EXTRACTED INFORMATION section start

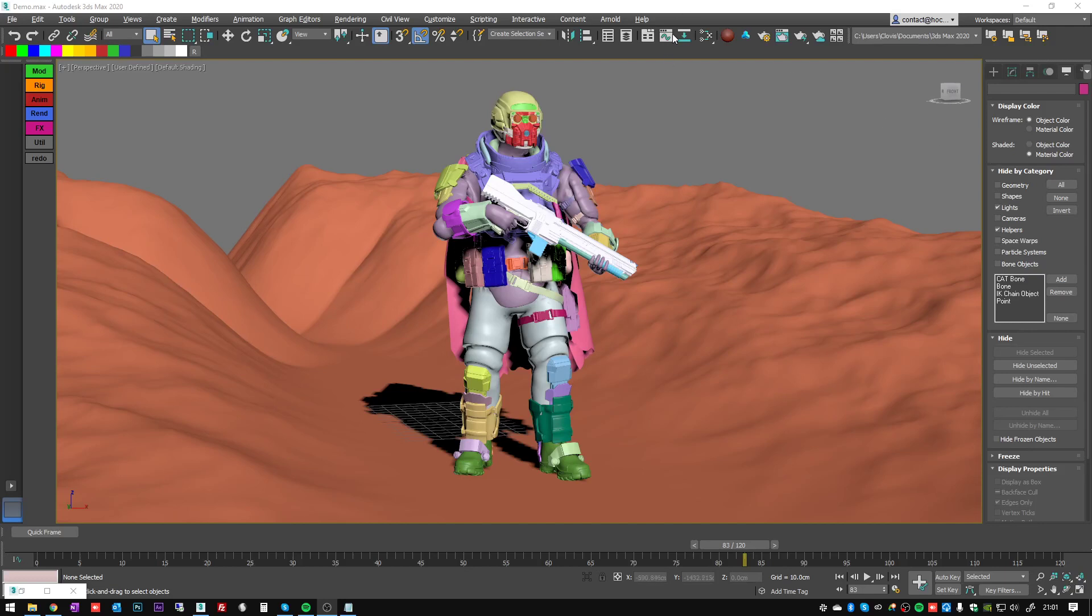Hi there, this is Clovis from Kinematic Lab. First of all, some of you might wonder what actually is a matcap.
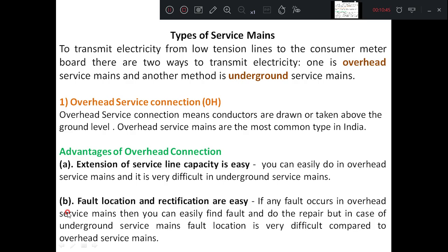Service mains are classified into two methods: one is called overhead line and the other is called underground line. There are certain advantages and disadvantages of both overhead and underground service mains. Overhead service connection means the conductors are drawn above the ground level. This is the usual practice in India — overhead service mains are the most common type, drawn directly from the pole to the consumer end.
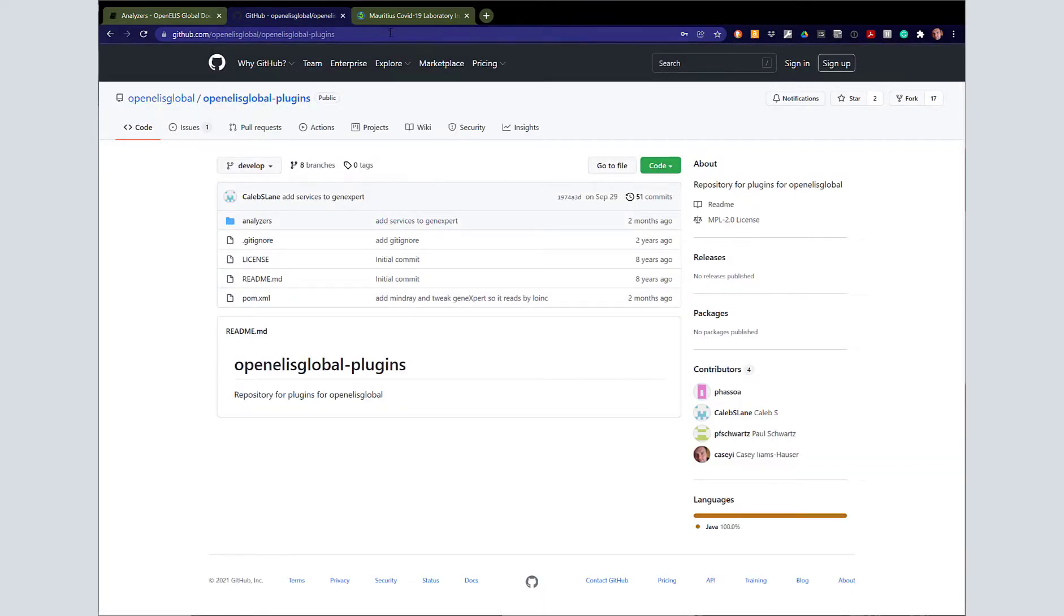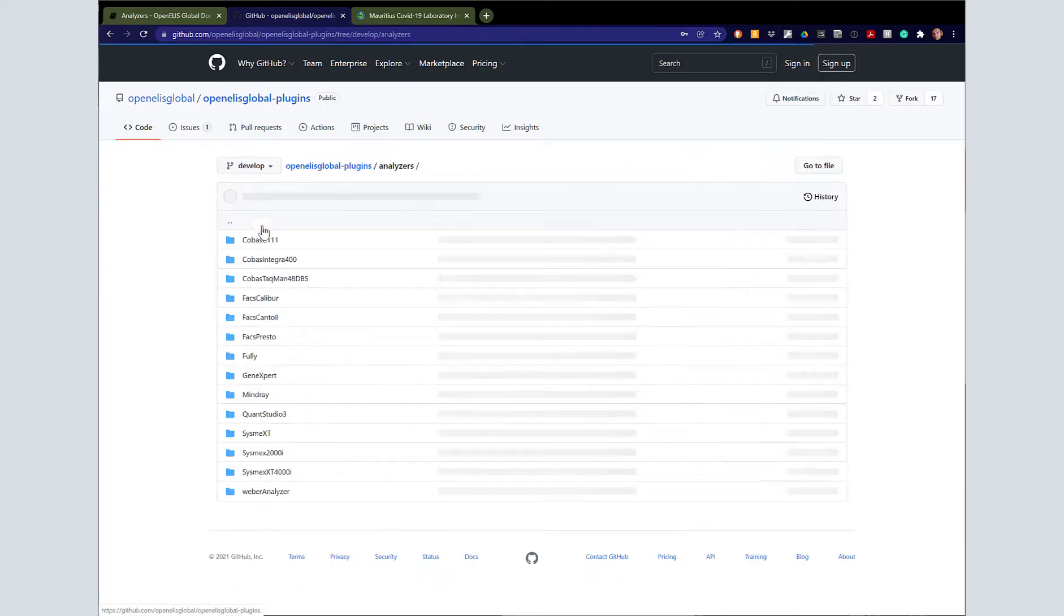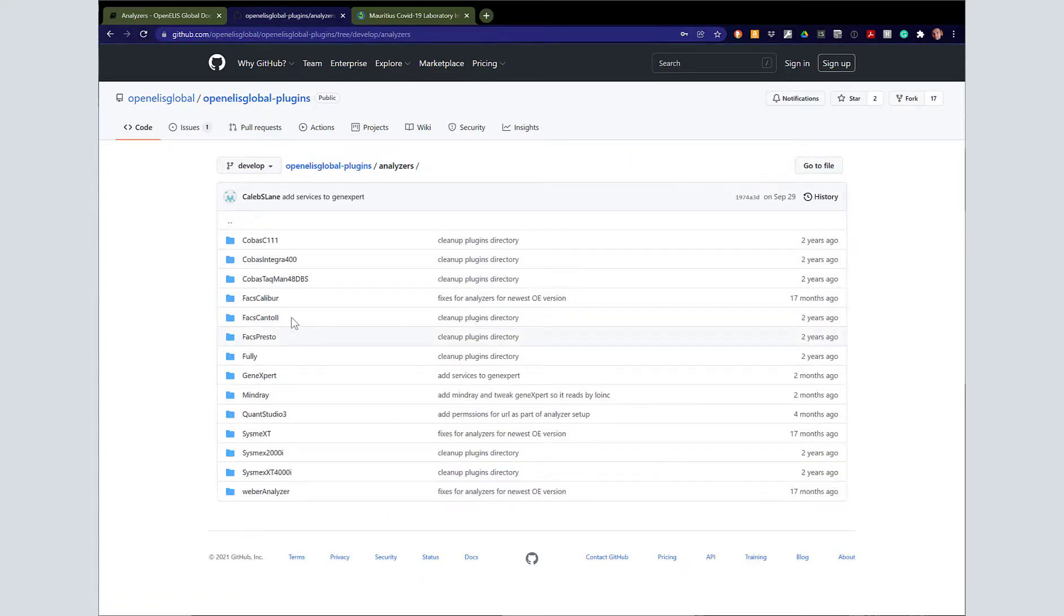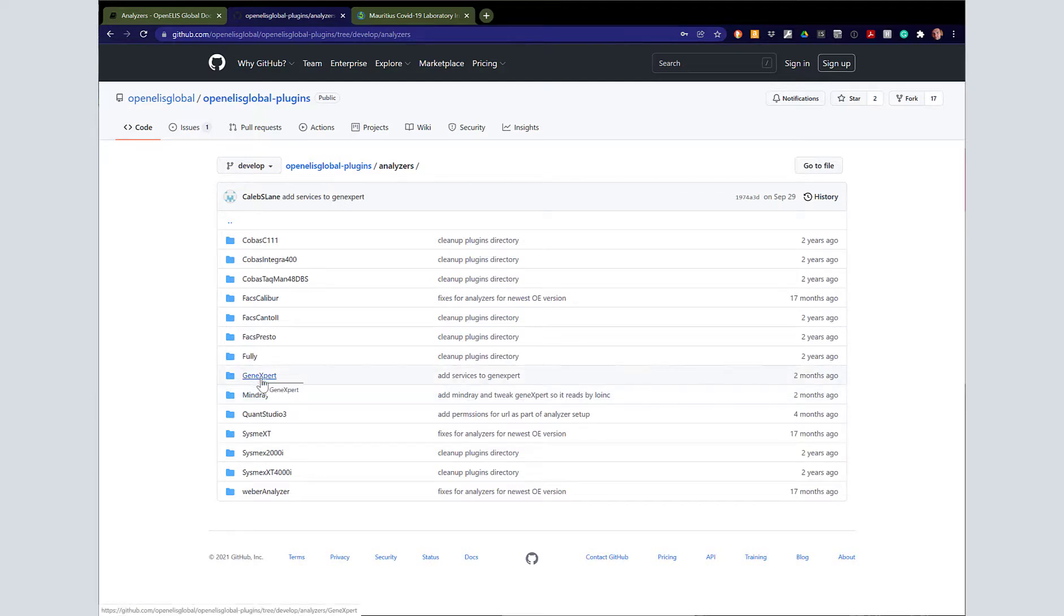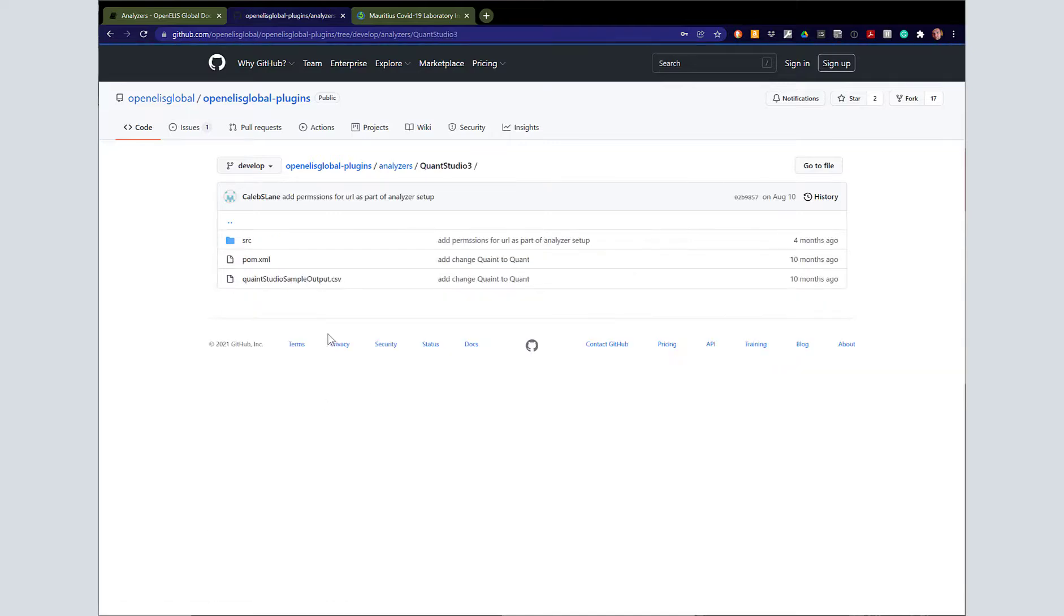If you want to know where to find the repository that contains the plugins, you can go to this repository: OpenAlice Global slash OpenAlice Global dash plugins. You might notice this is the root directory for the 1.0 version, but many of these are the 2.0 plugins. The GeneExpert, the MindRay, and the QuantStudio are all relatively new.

EXTRACTED INFORMATION section end
EXTRACTED INFORMATION section start

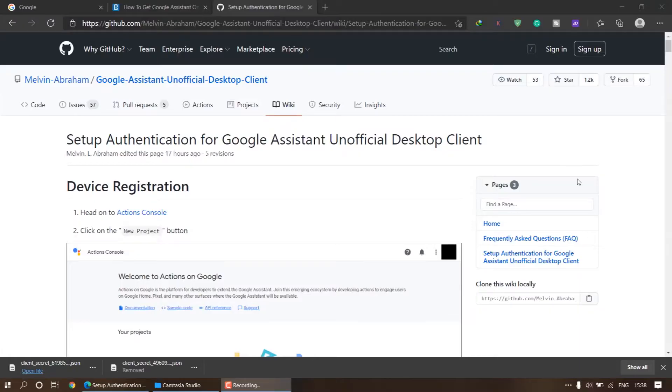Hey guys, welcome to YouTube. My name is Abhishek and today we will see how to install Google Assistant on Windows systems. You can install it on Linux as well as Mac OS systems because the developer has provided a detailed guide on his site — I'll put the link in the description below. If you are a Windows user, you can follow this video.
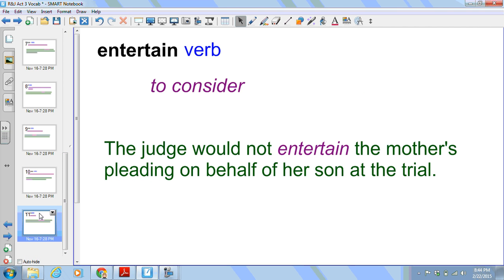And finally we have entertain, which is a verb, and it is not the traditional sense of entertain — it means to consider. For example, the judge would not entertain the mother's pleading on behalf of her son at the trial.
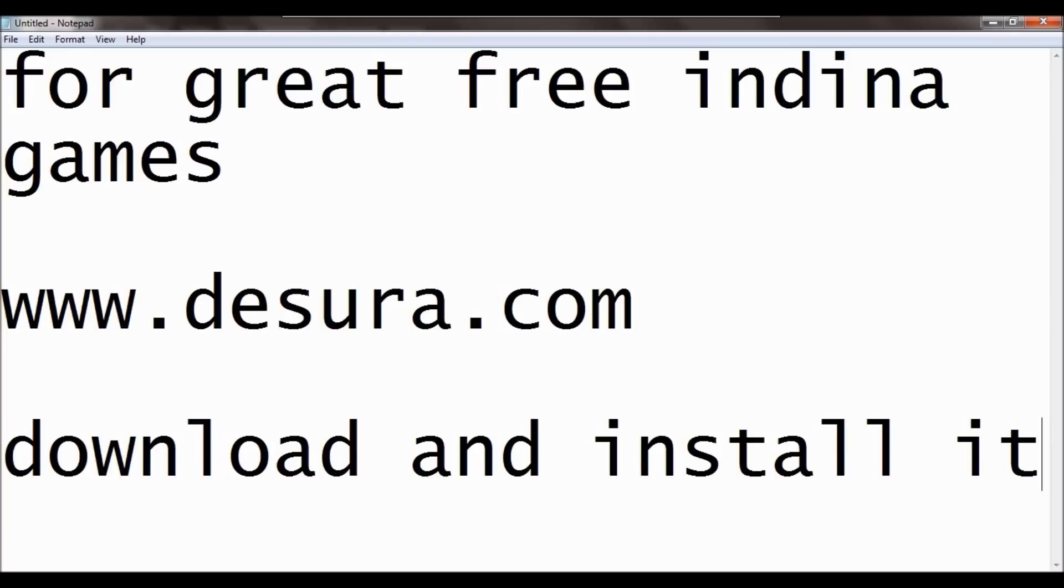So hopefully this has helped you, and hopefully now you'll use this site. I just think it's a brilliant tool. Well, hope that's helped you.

EXTRACTED INFORMATION section end

Using the material above, transcribe exactly the lines from the one holding "Hi there, this" to the one holding "Service mains are classified", both ends kept. Do not carry over any pictures.

EXERCISE RESULT
Hi there, this is Clovis from Kinematic Lab. First of all, some of you might wonder what actually is a matcap.
Service mains are classified into two methods: one is called overhead line and the other is called underground line. There are certain advantages and disadvantages of both overhead and underground service mains. Overhead service connection means the conductors are drawn above the ground level. This is the usual practice in India — overhead service mains are the most common type, drawn directly from the pole to the consumer end.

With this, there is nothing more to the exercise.